Support for developing countries to implement national climate mitigation activities
On 6 December, during the climate negotiations in Doha, Qatar, the German Federal Ministry for the Environment, Nature Conservation and Nuclear Safety (BMU) and the Department of Energy and Climate Change (DECC) of the United Kingdom (UK) launched the “NAMA Facility” to support partner countries to implement ambitious action against climate change.
The NAMA Facility is designed to support developing countries that show strong leadership in tackling climate change and want to implement transformational Nationally Appropriate Mitigating Actions (NAMA). Transformational NAMAs are projects, policies, or programmes that shift a whole technology or sector in a country onto a low-carbon development trajectory. Developing countries are preparing NAMAs as part of their national strategies.
However, it is difficult to access finance through existing commercial and public channels to finance implementation, particularly for the most innovative NAMAs. By applying a competitive selection process the Facility will improve the value for money and quality of NAMAs and enable their implementation. It is intended that the Facility will support investments across a range of countries and sectors with grant funding as well as loan finance.
Federal Environment Minister Peter Altmaier and Secretary of State for Energy and Climate Change in the UK Edward Davey explained the framework of the Facility, for which Germany and the UK will jointly provide about €70 million of funding.
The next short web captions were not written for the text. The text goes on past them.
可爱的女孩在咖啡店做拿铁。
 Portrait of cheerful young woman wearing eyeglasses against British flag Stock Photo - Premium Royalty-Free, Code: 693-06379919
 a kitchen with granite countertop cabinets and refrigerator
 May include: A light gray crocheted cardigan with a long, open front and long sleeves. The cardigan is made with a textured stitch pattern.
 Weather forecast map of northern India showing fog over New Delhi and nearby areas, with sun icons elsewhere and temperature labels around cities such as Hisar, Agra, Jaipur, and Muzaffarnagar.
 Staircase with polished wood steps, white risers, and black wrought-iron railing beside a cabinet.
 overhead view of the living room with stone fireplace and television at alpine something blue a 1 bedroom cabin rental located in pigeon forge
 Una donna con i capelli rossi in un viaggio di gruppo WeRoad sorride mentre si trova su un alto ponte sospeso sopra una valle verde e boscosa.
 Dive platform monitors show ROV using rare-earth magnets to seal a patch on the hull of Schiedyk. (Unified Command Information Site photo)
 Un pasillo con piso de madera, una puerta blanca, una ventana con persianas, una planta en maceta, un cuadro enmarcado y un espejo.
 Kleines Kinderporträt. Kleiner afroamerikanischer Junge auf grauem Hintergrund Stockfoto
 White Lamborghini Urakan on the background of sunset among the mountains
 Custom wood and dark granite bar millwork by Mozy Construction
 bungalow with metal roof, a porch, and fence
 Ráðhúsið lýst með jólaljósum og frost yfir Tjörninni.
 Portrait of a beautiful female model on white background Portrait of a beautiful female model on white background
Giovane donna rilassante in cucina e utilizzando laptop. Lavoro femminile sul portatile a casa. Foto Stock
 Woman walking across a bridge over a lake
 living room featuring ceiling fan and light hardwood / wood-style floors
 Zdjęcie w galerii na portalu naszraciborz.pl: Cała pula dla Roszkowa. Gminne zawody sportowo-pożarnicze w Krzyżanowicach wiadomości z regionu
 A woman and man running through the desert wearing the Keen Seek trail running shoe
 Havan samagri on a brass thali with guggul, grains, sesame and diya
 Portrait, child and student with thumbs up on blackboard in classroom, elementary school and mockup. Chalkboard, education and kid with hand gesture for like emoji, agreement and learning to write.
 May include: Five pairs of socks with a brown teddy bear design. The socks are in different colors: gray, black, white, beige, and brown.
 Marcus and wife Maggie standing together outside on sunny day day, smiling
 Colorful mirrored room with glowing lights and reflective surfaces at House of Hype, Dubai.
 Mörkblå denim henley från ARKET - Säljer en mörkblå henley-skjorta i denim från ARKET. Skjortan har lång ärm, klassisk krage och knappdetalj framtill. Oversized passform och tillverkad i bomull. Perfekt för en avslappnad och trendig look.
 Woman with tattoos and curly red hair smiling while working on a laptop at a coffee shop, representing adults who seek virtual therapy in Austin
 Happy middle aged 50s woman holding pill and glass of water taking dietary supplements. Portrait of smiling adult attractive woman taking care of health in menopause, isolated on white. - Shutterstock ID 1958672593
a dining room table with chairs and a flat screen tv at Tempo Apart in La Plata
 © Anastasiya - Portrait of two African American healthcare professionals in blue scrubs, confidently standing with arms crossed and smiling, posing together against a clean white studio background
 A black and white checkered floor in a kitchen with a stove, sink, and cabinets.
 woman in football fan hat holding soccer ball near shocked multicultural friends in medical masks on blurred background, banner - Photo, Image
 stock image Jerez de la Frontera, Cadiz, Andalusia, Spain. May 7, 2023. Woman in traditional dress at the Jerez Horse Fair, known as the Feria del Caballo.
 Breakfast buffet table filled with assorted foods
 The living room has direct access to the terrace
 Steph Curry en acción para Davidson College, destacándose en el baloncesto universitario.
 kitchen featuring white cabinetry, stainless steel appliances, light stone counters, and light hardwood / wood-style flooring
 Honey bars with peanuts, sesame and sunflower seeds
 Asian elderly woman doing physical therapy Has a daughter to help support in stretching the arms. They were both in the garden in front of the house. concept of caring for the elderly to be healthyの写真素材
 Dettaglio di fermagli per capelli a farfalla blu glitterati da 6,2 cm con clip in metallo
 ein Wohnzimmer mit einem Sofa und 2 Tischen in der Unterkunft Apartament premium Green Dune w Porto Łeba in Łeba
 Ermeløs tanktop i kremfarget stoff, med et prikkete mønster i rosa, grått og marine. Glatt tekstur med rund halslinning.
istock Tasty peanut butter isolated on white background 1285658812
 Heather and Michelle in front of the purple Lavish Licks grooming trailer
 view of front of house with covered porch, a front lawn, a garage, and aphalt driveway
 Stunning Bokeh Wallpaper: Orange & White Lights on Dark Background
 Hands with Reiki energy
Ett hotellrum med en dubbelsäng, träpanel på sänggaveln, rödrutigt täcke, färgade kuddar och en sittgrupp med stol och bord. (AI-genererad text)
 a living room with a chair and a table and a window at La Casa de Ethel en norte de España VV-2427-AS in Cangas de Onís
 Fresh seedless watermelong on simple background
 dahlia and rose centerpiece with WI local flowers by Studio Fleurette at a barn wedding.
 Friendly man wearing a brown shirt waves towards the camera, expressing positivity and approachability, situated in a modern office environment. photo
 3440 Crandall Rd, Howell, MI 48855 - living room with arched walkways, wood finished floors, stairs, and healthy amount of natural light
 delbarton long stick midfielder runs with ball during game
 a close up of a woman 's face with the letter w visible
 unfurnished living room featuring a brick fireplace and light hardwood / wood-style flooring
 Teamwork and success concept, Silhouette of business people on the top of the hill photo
In this context, Mexican National Institute of Ecology and Climate Change (INECC) President Dr Francisco Barnes presented the first project the Facility intends to fund.
The NAMA project in Mexico will demonstrate the type of work the Facility has been designed for. It will support the Mexican Government in implementing a NAMA programme for sustainable new housing by establishing the necessary framework conditions. The project will pave the way towards a broad implementation of sustainable housing, which focuses on the total energy performance of a building.
Germany’s funding of €40m is coming from the Special Energy and Climate Fund. The UK Government is supporting the Facility with £25m from the International Climate Fund (ICF).